複数のアイデンティティ:「分人」という概念

平和公園での集合写真
平和公園での集合写真
平野啓一郎氏
平野啓一郎氏
長崎大学 鈴木教授のレクチャー
長崎大学 鈴木教授のレクチャー

 プログラムの第一パート:Lessons From the Past(過去からの学び)では、芥川賞受賞作家・平野啓一郎氏を招き、一般公開のパブリック・レクチャーを行いました。自身の著作タイトルでもある「What is “I”? ~Individual or “Dividual”(私とは何か-『個人』から『分人』へ)」をテーマに、すべての個人は「分人」という様々な顔(アイデンティティ)を持つことが自然であり、尊重されるべきだと提唱されました。「アイデンティティは一つであるべき」という考えと意識の奴隷化との関係について考えさせられる内容でした。

 また、参加者らはフィールドワークのために長崎市を訪れ、爆心地や原爆資料館を見学し、原爆の非人道性を目の当たりにしました。さらに長崎大学核兵器廃絶研究センター(RECNA)を訪問し、レクチャーと活発な質疑応答を行いました。
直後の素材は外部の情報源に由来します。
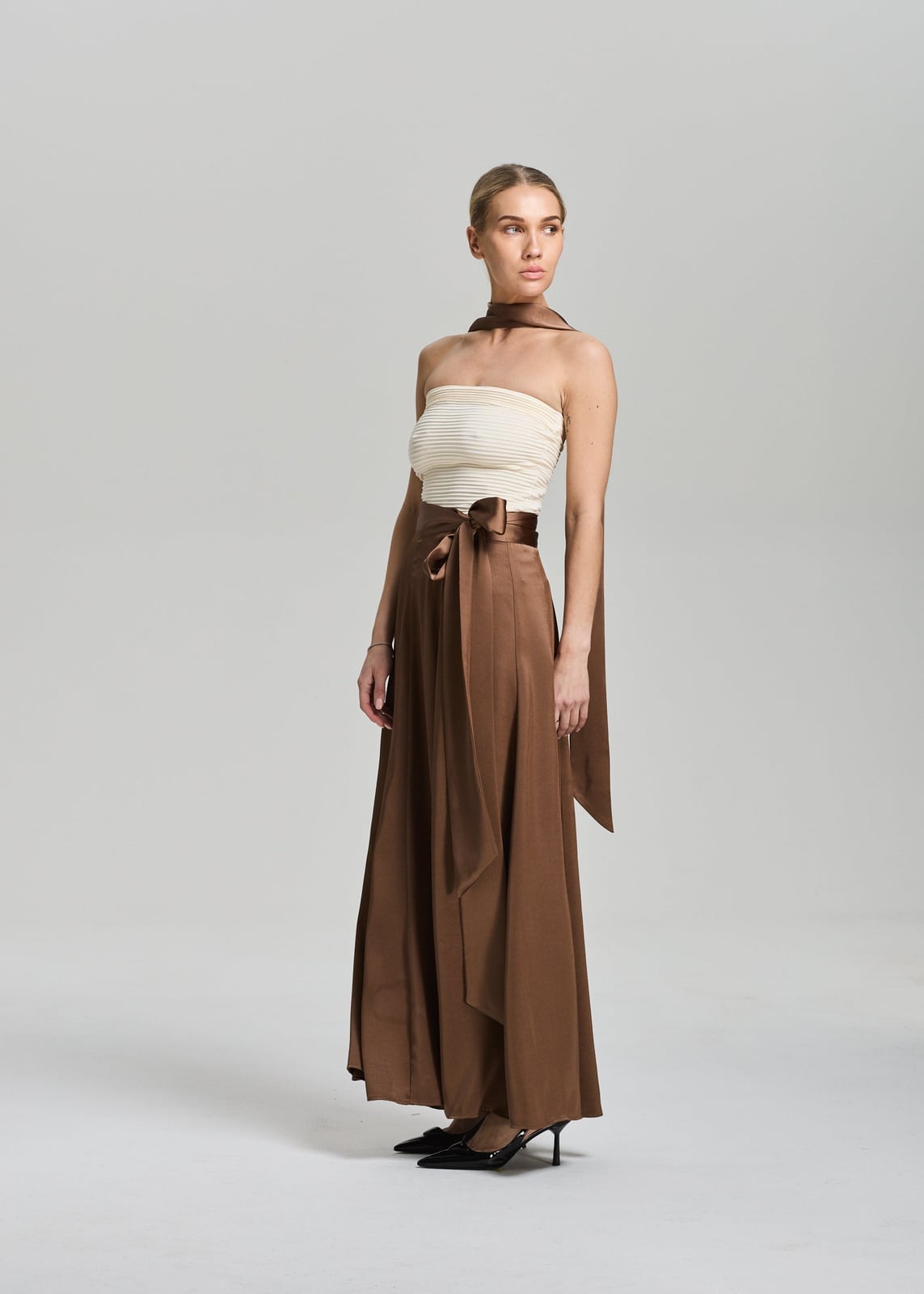 Oversized Brown Satin Skirt With White Strapless Top — Elegant Brown Satin Skirt Outfit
その他にも、長崎市の田上富久市長との意見交換や、被爆者講話などを通じ、原爆の悲惨さと長崎が発信し続ける平和への願いを心にしっかりと刻みました。

未来をつくる

ラジャ・シェハデ氏
ラジャ・シェハデ氏
最終発表でのプレゼンテーション(The Game of Truthグループ)
最終発表でのプレゼンテーション(The Game of Truthグループ)

 第二パート:Theatres of Uncertainty Today(今日の不安定な戦域)では、まず中東和平問題を取り上げ、パレスチナ在住の作家・人権弁護士であるラジャ・シェハデ氏を招き、再びパブリック・レクチャーを行いました。レクチャーは「What Does Israel Fear From Palestine? (イスラエルはパレスチナの何を恐れているのか?)」と題し、パレスチナの現状や、パレスチナをめぐるイスラエルの方針や行動が双方の意識に及ぼす影響、問題解決に向け国際社会ができることなど、大変貴重なお話を聞くことが出来ました。続いて、国際平和ミュージアム館長で、スリランカ首相上級顧問でもあるモンテ・カセム教授によるレクチャーでは、2009年まで7万人以上の犠牲者を出す内戦を経験したスリランカから学べることや、インド洋の安全保障の重要性などに関するレクチャーが行われました。

 第三パートはShaping Our Shared Future (共有する未来の創造)と題し、最終日にプレゼンテーションが行われ、4グループが次のタイトルでパネル展示と実際にプレーできるオリジナルゲームの発表を行いました。(カッコ内は国際平和ミュージアムの関連資料とテーマ)①Fearless(ガスマスク/恐怖)、②Kazuo’s Bento Box(広島で被爆した生徒の弁当箱/原爆)、③The Game of Truth(墨塗り教科書/検閲)④Overcoming Fear(ガスマスク/恐怖)。パネル展示の内容は、国際平和ミュージアムの関連資料にまつわる当時の状況説明や、平和構築に向けての問題提起など、ゲームはプレーすることで発表のテーマを体感できるものなどで、従来のパネル展示にはないインタラクティブな方法により、展示資料にまつわる背景の理解を深め、当時の人々の心理を疑似体験できるような工夫が盛り込まれた、創造性に富んだユニークな発表ばかりでした。

 専門分野を超えた各国の若手研究者が平和と紛争、そしてその背景にある人々の意識に向き合い、活発な議論や調査の結果、訴求力のある最終成果物を創り出したことは、本プログラムが目指す平和構築のための知的基盤を築くための意義ある第一歩です。RENKEI PAX SCHOOLは、来年リバプール大学でさらに発展したプログラムが実施予定ですが、それに留まらず、今後も継続的な研究交流が活発に行われることを期待しています。